Practical Demonstrations:

  1. Legendary Pokémon Encyclopedia: Prompt: Create a simple encyclopedia of the first 25 legendary Pokémon with types, lore snippets, and images, as a single HTML file. Qwen3 (Non-thinking): Generated the website structure and text but failed to properly include images. Kimi K2: Successfully created a visually appealing website with images and even added a disclaimer at the bottom.

  2. Bouncing Balls in a Heptagon: Prompt: Write an HTML program that shows 20 balls bouncing inside a spinning heptagon, including detailed physics like gravity, friction, and impact bounce height. Qwen3 (Non-thinking): Successfully produced a simulation with 20 balls bouncing realistically within a spinning heptagon. The speaker noted its impressive performance in tracking multiple balls, outperforming even some larger models. Kimi K2: Also produced a visually impressive simulation with realistic ball scattering.

  3. Procedural 3D Planet Generation: Prompt: Create a realistic, procedurally generated 3D planet in Three.js, including detailed terrain, biomes, atmospheric effects, lighting, water, clouds, rotation, and camera interaction. Qwen3 (Non-thinking): Generated a planet where the main landmasses appeared static, while the inner core rotated, which was not the desired behavior. Kimi K2: Produced a visually appealing planet with proper rotation, including an atmospheric layer and realistic shadow formation. Claude Opus 4 (Thinking Enabled): Demonstrated a more responsive and accurate output, adhering more closely to the complex prompt specifications, including proper rotation and shadow casting.

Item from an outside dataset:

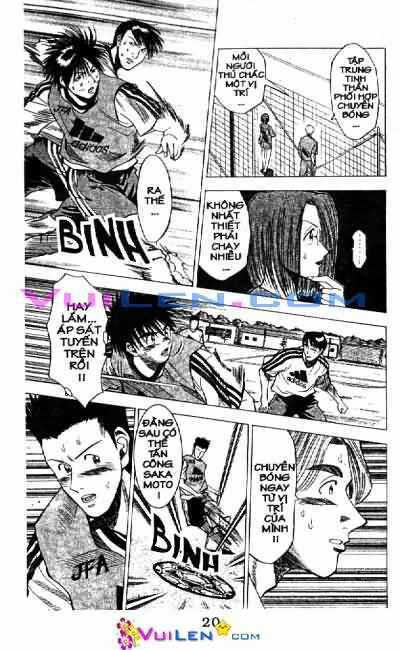 Vũ điệu trên sân cỏ - Fantasista Chapter 7 trang 20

  4. Maze Solving (Reasoning Test): Prompt: Solve a 10x10 ASCII maze from A1 to J10, providing a comma-separated list of cell coordinates, moving only through adjacent cells without crossing walls. Qwen3 (Non-thinking): Exhibited an extensive self-dialogue, attempting to interpret the maze structure and possible paths. However, despite this detailed “thought process,” the model ultimately failed to find a correct and valid path. Kimi K2: Showcased similar detailed internal reasoning and even “backtracking” in its thought process, but also failed to produce a correct and valid solution. Claude Opus 4 (Thinking Enabled): Successfully solved the maze by employing its “extended thinking” capabilities and utilizing a code interpreter tool. This highlights the crucial role of tools in complex reasoning tasks for AI models.

Conclusion: While Qwen3 Instruct-2507 demonstrates impressive performance across many benchmarks, especially in non-thinking modes, the practical tests reveal that models with robust tool-use capabilities, such as Claude Opus 4 with thinking enabled, still excel in complex reasoning and physics-based tasks where iterative problem-solving and external tools are beneficial. The video suggests that having dedicated models for different types of tasks (reasoning vs. non-reasoning) or integrating tools for complex problems might be a strategic direction for AI development.